__Your task__. Some entries follow. Reproduce exactly the lines starting at the one with "Huawei eKitEngine AP673" and stopping after the one with "Wago 221-615 Compact".

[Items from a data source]
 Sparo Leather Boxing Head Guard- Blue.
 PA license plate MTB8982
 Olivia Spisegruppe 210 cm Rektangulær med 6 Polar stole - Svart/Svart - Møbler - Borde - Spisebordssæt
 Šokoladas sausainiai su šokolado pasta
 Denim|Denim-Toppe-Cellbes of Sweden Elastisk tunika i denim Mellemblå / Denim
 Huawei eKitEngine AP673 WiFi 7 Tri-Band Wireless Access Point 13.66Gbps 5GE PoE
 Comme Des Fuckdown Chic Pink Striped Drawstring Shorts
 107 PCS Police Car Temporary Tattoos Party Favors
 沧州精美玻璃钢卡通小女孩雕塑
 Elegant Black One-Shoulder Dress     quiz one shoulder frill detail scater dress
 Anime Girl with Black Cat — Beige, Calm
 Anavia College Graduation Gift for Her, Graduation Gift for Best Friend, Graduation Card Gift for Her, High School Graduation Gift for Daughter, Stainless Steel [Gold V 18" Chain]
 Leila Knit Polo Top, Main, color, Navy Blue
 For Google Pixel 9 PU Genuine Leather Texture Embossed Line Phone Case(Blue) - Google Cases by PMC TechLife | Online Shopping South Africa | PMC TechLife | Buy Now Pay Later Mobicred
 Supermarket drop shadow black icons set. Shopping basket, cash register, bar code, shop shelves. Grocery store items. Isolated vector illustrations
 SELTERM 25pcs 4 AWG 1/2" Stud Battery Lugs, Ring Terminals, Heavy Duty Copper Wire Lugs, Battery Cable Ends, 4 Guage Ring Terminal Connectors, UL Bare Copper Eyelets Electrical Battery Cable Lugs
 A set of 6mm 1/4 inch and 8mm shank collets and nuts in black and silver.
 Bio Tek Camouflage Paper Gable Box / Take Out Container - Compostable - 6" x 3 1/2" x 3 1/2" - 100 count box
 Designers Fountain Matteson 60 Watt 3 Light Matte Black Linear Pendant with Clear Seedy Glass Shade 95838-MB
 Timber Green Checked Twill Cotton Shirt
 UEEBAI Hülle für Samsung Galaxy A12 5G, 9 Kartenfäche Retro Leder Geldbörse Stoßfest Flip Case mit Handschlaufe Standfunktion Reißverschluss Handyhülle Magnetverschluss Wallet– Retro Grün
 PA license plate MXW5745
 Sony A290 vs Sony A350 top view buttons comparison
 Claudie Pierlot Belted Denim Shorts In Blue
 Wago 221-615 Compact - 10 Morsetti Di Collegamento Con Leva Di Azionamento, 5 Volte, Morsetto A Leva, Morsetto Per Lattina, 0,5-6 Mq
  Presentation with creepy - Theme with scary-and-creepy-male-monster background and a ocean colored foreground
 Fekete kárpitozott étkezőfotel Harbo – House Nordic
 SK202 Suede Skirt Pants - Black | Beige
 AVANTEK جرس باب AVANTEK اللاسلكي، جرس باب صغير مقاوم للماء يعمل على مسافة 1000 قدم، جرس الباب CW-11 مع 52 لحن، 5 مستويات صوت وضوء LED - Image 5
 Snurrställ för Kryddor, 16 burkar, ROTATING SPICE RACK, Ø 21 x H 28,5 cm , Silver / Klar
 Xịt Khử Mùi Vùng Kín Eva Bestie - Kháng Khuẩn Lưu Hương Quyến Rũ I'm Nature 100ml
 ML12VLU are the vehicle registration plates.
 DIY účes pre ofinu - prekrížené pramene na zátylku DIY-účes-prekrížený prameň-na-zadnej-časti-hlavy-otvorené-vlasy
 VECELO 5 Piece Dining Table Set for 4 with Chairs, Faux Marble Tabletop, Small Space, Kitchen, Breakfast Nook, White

__Problem solution__.
 Huawei eKitEngine AP673 WiFi 7 Tri-Band Wireless Access Point 13.66Gbps 5GE PoE
 Comme Des Fuckdown Chic Pink Striped Drawstring Shorts
 107 PCS Police Car Temporary Tattoos Party Favors
 沧州精美玻璃钢卡通小女孩雕塑
 Elegant Black One-Shoulder Dress     quiz one shoulder frill detail scater dress
 Anime Girl with Black Cat — Beige, Calm
 Anavia College Graduation Gift for Her, Graduation Gift for Best Friend, Graduation Card Gift for Her, High School Graduation Gift for Daughter, Stainless Steel [Gold V 18" Chain]
 Leila Knit Polo Top, Main, color, Navy Blue
 For Google Pixel 9 PU Genuine Leather Texture Embossed Line Phone Case(Blue) - Google Cases by PMC TechLife | Online Shopping South Africa | PMC TechLife | Buy Now Pay Later Mobicred
 Supermarket drop shadow black icons set. Shopping basket, cash register, bar code, shop shelves. Grocery store items. Isolated vector illustrations
 SELTERM 25pcs 4 AWG 1/2" Stud Battery Lugs, Ring Terminals, Heavy Duty Copper Wire Lugs, Battery Cable Ends, 4 Guage Ring Terminal Connectors, UL Bare Copper Eyelets Electrical Battery Cable Lugs
 A set of 6mm 1/4 inch and 8mm shank collets and nuts in black and silver.
 Bio Tek Camouflage Paper Gable Box / Take Out Container - Compostable - 6" x 3 1/2" x 3 1/2" - 100 count box
 Designers Fountain Matteson 60 Watt 3 Light Matte Black Linear Pendant with Clear Seedy Glass Shade 95838-MB
 Timber Green Checked Twill Cotton Shirt
 UEEBAI Hülle für Samsung Galaxy A12 5G, 9 Kartenfäche Retro Leder Geldbörse Stoßfest Flip Case mit Handschlaufe Standfunktion Reißverschluss Handyhülle Magnetverschluss Wallet– Retro Grün
 PA license plate MXW5745
 Sony A290 vs Sony A350 top view buttons comparison
 Claudie Pierlot Belted Denim Shorts In Blue
 Wago 221-615 Compact - 10 Morsetti Di Collegamento Con Leva Di Azionamento, 5 Volte, Morsetto A Leva, Morsetto Per Lattina, 0,5-6 Mq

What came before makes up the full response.